3D computer graphics program

Autodesk 3ds Max, formerly 3D Studio and 3D Studio Max, is a professional 3D computer graphics program for making 3D animations, models, games and images. It is developed and produced by Autodesk Media and Entertainment. It has modeling capabilities and a flexible plugin architecture and must be used on the Microsoft Windows platform. It is frequently used by video game developers, many TV commercial studios, and architectural visualization studios. It is also used for movie effects and movie pre-visualization. 3ds Max features shaders (such as ambient occlusion and subsurface scattering), dynamic simulation, particle systems, radiosity, normal map creation and rendering, global illumination, a customizable user interface, and its own scripting language.

== History ==
The original 3D Studio product was created for the DOS platform by the Yost Group, and published by Autodesk. The release of 3D Studio made Autodesk's previous 3D rendering package AutoShade obsolete. After 3D Studio DOS Release 4, the product was rewritten for the Windows NT platform, and renamed "3D Studio MAX." This version was also originally created by the Yost Group. It was released by Kinetix, which was at that time Autodesk's division of media and entertainment.

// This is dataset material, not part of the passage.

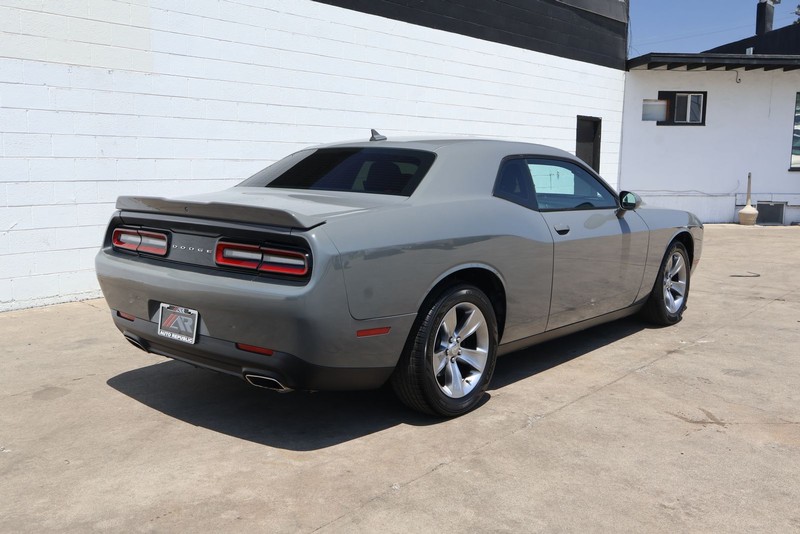 Dodge Challenger Vehicle Full-screen Gallery Image 05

Autodesk purchased the product at the second release update of the 3D Studio MAX version and internalized development entirely over the next two releases. Later, the product name was changed to "3ds max" (all lower case) to better comply with the naming conventions of Discreet, a Montreal-based software company which Autodesk had purchased.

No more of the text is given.